AN MP has urged Bournemouth council to do more to help the family of a child suffering with severe autism.

Tobias Ellwood, MP for Bournemouth East, has written a letter to the service director for children’s social care at the council to highlight the plight of four-year-old Harry Jackson.

Harry is severely autistic, has significant learning difficulties, global developmental delay and is non-verbal.

His father, Peter Jackson, said he first approached the council more than a year ago to seek support and claims he was told by a social worker nothing was wrong with Harry and was refused direct payment for respite provision.

“They told us that autism was not classed as a disability,” he added.

“But Harry needs constant supervision in the home, at school and out in the community.”

Mr Jackson described how Harry is unable to communicate, has irregular sleeping patterns and cannot be left alone with younger brother David.

“Harry is biting his hands leaving them red raw, sometimes to the extent he gags and makes himself sick. He has severely bitten David’s middle finger in the past, which resulted in significant trauma to the tip of his finger.
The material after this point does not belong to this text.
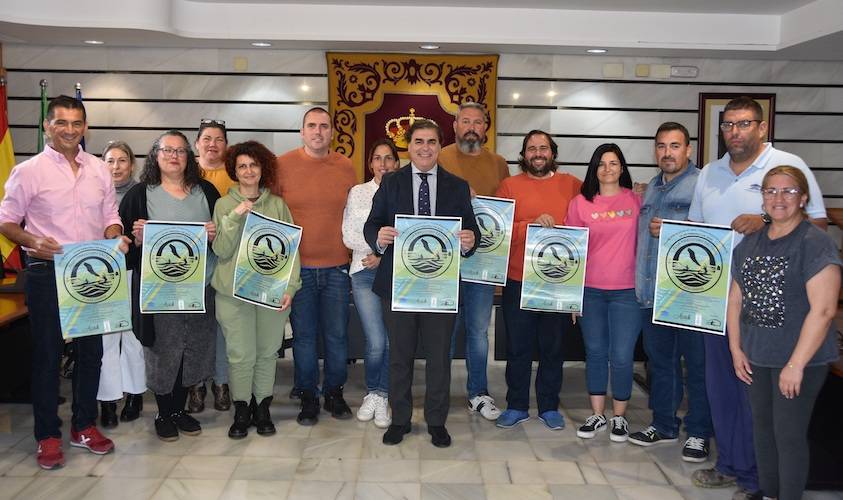 Un momento de la recepción en el Ayuntamiento costero a la junta directiva del Club de Piragüismo Salthish de Punta Umbría.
“I don't believe Harry wishes to cause harm, he has an overwhelming sensory feedback requirement, which we need help with.
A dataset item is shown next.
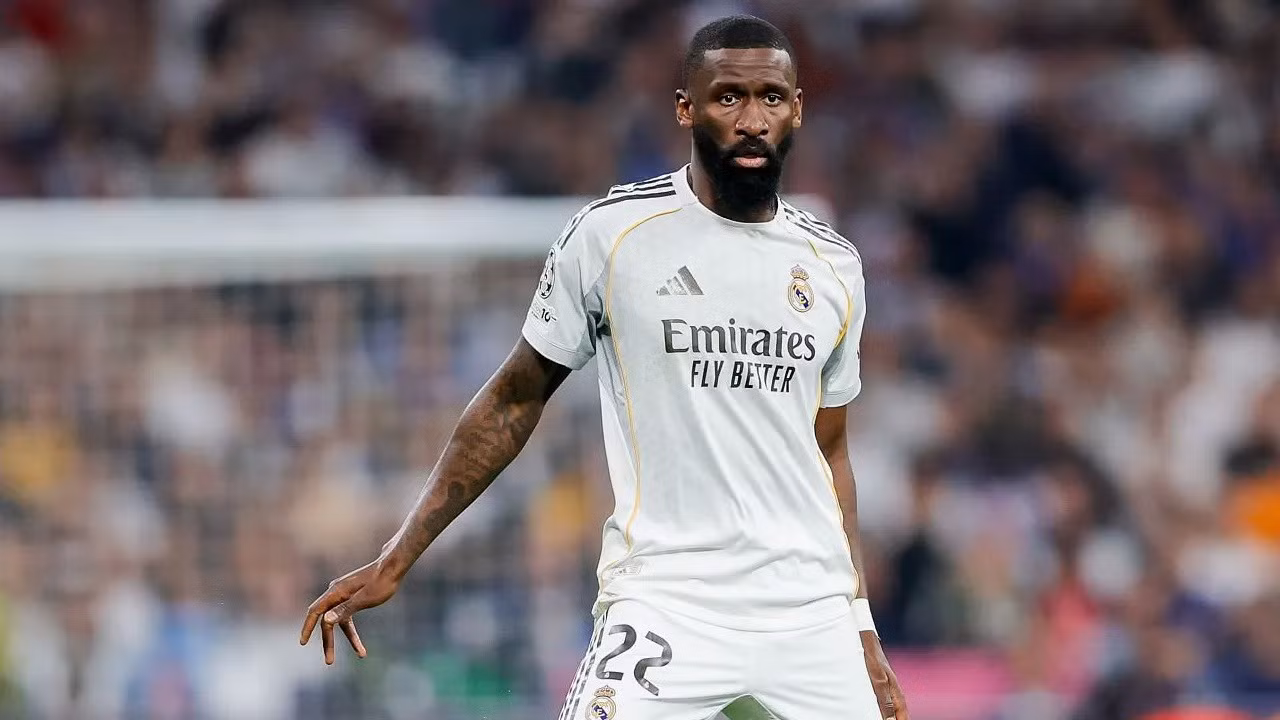antonio-rudiger-bayern-munich-dapat-giveaway-dari-real-madrid.jpg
“I work full-time and at times am required to spend the night away when travelling long distance. This puts my wife under immense pressure especially during times of sickness.
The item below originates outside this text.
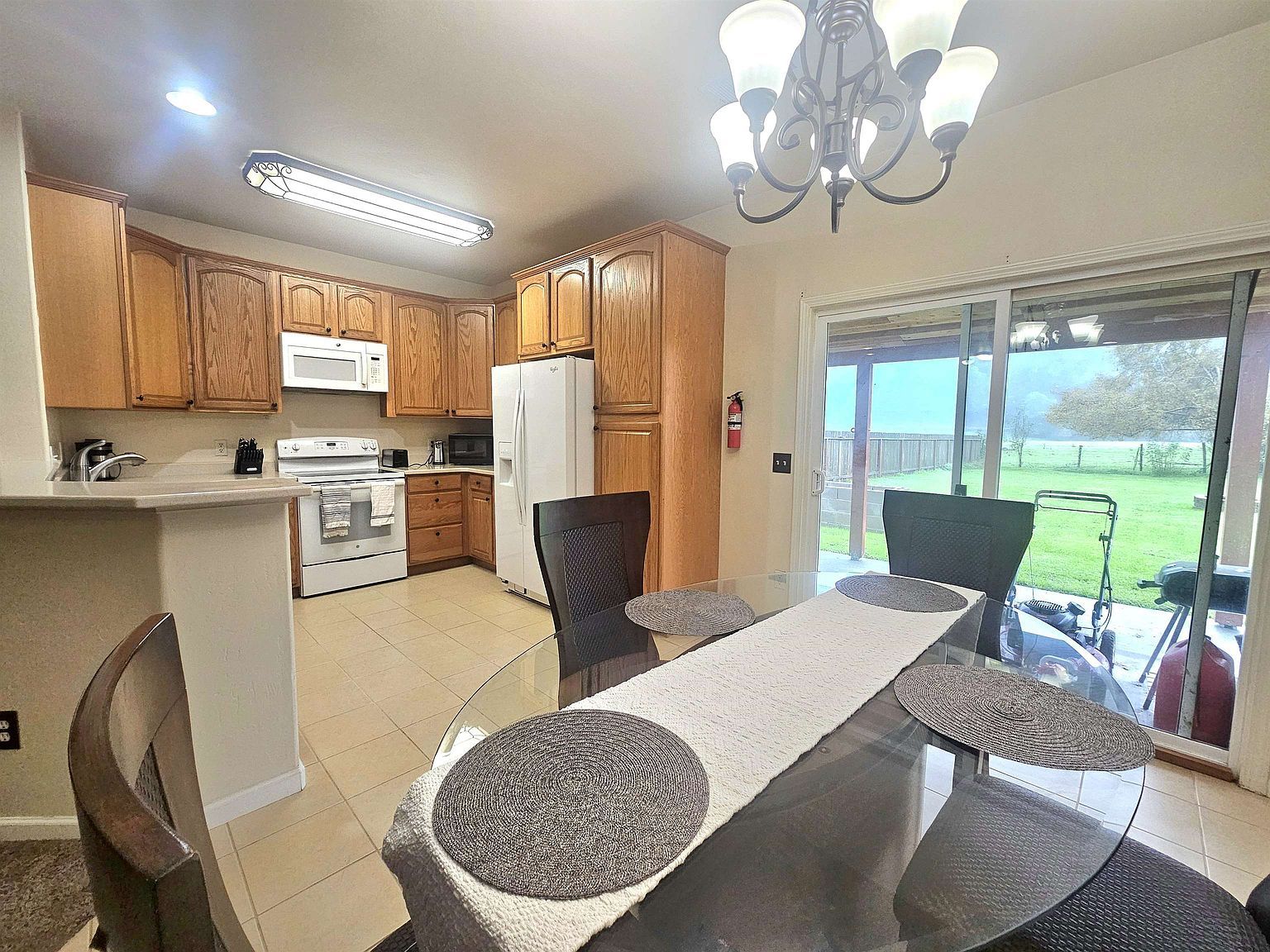 77 Maple Rd Klamath, CA 95548 - Thumbnail 5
“We cannot afford help in the home so everything rests on my wife. She is physically and mentally worn out. If she gets four hours sleep a night she is lucky.”

Mr Jackson said the council had suggested courses and activity days for the family to attend, but that they have proved inappropriate for Harry because of the severe nature of his condition in comparison to others on the spectrum who are able to take benefit from them.

He added that the strain of caring for Harry with so little help is having an impact on the health of his family and wrote to Mr Ellwood because he felt like the family was not being listened to.

Mr Ellwood said the council do have discretionary powers to make further provisions for respite assistance.

“This is a very deserving case and I would urge the council to reconsider it,” he added.

• Autism is a disability

A spokesperson for the council denied that autism is not classed as a disability.

Ann-Marie Dodds, service manager for early family support services, said: “We are working very closely with the family, as we would with any family requiring support and guidance on how to meet their child’s needs.

"Regular meetings are taking place with the parents as part of the assessment process of the child to monitor his progress and put in place appropriate measures to support them.

“We are currently working with the family to help them access activities in the community.

"However, if the community activities and services currently in place are assessed as not be sufficient, further consideration will be made to request additional services such as short breaks.”